Over several hundred million years, the Earth began to cool down somewhat and the celestial bombardment diminished, probably because many of the bolides in the solar system had already crashed into something or been ‘used up’.
Water vapour, carbon dioxide and other gasses materialised out of the steaming cracks in the Earth’s surface and began forming the atmosphere.
Rain began to fall and seas started pooling on the rocky crust. Surface water was present by at least 3.9 billion years ago.
This is the start of the Archaean era (meaning ‘ancient’) and it lasted until about 2.5 billion years ago. During this time, belts of so-called Granite-Greenstone rock layers were formed, establishing the basement for all subsequent geological activity.

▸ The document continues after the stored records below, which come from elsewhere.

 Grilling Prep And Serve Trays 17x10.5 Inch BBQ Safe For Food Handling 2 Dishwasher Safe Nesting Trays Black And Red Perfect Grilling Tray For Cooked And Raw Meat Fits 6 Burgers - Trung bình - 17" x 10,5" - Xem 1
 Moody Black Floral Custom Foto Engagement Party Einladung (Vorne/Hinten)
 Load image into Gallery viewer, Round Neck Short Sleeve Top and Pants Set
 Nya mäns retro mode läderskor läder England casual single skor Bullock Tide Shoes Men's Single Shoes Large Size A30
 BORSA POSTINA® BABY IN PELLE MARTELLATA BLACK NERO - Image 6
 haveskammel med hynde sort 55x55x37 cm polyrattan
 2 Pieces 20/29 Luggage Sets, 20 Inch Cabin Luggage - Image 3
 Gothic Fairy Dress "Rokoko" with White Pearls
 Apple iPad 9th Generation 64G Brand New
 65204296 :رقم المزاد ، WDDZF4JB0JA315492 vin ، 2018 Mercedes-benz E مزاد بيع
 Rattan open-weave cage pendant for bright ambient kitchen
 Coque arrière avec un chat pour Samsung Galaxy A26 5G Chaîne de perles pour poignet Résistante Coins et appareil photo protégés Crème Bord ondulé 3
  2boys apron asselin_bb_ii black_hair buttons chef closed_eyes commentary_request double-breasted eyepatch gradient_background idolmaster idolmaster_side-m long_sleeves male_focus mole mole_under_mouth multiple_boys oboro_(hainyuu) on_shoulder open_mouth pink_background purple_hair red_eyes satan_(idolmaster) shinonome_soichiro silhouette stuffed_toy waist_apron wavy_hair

The best-preserved example of Archaean era crust still visible on Earth can be found in Mpumalanga, around the town of Barberton, where ancient Granite-Greenstone strata have been overturned and exposed on the surface. These volcanic rocks, called komatiities, formed on an ancient seabed between 3.6 and 3.2 billion years old.
Their composition indicates that they were formed at a time when temperatures in the mantle were considerably higher than they are today, which shows that the Earth has continued to cool off in the intervening millennia. As the crust continued to solidify, silica-rich material (which was less dense than the molten matter below) tended to rise up and collect on top of the mantle.
Since it was ‘lighter’ than both the mantle and the ocean floor, these silica-rich rocks were not subducted and remained floating on the surface, eventually getting thick enough to rise above the water level as islands.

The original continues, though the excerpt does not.